ACTION ITEM → Lines below starting with the line with "Isolated Germany Flag" and going on through the line with "18 mm Strass-verkrustete" must be output exactly; the rest of the records must be left out.

Segment Open

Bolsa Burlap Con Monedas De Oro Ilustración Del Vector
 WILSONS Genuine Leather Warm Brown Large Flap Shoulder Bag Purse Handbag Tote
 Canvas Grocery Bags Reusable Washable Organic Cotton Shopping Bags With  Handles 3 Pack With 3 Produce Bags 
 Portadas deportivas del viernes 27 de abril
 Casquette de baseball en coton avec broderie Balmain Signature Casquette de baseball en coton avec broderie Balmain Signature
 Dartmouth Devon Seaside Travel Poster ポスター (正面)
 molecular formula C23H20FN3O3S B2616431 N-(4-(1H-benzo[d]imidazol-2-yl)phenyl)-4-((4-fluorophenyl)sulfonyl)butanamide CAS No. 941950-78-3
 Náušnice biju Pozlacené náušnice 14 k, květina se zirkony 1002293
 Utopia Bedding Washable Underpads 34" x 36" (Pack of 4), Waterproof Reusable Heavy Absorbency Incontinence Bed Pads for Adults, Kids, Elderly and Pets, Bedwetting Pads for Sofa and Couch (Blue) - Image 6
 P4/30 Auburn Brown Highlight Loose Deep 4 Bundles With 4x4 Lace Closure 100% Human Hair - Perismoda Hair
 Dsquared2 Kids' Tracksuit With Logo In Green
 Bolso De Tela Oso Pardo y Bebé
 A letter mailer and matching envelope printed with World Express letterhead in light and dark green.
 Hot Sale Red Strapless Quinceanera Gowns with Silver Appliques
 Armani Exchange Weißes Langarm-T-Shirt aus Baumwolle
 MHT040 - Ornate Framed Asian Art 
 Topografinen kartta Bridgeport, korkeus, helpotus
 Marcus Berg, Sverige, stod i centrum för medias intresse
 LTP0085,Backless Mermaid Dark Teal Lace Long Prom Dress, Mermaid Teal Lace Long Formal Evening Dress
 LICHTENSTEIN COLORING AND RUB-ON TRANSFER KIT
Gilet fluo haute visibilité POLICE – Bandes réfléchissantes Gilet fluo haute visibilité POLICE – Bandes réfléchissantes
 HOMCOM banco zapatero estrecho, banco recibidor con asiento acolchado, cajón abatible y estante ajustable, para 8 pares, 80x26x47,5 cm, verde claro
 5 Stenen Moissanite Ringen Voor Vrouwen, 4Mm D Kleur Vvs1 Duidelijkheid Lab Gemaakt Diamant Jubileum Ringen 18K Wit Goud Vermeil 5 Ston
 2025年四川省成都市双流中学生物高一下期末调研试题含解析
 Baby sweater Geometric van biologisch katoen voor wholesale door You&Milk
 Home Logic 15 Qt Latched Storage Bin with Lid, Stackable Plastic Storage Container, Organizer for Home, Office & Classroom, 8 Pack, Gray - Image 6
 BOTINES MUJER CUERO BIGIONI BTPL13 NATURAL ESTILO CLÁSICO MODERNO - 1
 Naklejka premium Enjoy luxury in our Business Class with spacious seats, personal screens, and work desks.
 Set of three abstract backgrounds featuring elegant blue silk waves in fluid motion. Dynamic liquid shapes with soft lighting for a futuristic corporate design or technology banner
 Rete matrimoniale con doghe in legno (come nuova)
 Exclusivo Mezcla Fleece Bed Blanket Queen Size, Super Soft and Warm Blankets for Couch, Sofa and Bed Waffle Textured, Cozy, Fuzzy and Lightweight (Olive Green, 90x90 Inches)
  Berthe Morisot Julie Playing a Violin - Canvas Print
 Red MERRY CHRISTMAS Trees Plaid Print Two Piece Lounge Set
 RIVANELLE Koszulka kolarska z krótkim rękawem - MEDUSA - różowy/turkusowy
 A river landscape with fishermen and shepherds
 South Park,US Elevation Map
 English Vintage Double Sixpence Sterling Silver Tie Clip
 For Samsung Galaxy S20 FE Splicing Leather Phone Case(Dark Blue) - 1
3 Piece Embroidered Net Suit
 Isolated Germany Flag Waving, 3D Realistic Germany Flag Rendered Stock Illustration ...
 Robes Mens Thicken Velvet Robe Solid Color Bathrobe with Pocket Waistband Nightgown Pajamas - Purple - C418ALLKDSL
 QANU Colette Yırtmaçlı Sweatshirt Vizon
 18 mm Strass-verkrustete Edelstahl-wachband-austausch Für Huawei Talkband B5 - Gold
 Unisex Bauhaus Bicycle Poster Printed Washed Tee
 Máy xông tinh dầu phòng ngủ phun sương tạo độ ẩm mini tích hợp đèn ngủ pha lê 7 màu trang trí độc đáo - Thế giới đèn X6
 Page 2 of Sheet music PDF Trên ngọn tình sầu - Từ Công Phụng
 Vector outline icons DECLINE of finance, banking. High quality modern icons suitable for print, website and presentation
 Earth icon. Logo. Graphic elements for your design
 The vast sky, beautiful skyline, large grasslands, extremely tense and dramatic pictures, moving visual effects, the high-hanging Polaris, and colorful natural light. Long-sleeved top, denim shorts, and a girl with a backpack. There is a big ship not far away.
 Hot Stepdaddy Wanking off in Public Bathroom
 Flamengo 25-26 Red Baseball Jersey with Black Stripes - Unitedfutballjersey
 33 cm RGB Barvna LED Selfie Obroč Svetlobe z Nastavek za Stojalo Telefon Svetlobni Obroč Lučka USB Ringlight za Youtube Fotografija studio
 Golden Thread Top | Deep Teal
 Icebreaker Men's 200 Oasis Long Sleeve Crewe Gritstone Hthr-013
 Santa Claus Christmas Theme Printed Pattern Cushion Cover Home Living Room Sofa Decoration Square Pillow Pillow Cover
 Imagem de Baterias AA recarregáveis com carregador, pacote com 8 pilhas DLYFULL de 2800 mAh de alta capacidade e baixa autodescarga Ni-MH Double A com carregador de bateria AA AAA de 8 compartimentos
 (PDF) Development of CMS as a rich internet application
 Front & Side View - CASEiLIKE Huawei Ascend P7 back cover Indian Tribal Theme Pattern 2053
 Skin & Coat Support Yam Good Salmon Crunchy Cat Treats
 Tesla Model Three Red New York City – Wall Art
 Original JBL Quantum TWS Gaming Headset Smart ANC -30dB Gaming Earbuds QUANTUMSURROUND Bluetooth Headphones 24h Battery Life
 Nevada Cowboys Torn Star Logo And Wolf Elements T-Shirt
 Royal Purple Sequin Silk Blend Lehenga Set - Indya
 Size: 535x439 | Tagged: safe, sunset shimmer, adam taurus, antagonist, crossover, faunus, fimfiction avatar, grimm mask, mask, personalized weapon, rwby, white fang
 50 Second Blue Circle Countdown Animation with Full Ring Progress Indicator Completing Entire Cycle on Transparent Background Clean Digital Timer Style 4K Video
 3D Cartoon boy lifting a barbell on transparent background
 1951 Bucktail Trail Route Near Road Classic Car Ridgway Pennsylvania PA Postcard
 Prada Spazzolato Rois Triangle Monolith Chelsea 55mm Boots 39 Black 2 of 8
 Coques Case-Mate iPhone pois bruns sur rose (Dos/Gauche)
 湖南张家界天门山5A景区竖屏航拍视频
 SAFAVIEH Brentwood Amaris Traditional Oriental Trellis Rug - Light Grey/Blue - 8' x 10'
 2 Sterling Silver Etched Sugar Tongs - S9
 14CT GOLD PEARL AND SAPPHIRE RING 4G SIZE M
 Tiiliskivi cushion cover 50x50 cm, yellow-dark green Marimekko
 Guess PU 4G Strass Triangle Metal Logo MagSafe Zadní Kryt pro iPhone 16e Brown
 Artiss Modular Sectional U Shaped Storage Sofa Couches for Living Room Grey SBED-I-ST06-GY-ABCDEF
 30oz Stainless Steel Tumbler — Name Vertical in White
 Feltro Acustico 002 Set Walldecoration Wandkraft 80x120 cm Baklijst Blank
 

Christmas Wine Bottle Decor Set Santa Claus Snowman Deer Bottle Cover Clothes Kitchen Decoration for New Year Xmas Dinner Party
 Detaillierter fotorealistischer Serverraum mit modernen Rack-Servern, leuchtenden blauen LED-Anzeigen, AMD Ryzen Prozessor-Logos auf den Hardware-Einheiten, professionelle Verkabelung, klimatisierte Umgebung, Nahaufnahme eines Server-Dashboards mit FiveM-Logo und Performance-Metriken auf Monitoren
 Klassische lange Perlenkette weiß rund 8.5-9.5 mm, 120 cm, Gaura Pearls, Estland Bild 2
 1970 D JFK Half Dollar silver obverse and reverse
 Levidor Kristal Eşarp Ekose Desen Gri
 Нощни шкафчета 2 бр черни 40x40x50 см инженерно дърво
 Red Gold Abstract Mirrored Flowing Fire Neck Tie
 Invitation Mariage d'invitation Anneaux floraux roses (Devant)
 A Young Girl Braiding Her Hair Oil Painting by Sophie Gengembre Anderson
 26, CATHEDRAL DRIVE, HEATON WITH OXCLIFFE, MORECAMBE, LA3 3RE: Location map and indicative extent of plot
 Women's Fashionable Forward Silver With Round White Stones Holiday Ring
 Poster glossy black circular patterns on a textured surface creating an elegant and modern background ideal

Segment Closed

TASK OUTPUT →
 Isolated Germany Flag Waving, 3D Realistic Germany Flag Rendered Stock Illustration ...
 Robes Mens Thicken Velvet Robe Solid Color Bathrobe with Pocket Waistband Nightgown Pajamas - Purple - C418ALLKDSL
 QANU Colette Yırtmaçlı Sweatshirt Vizon
 18 mm Strass-verkrustete Edelstahl-wachband-austausch Für Huawei Talkband B5 - Gold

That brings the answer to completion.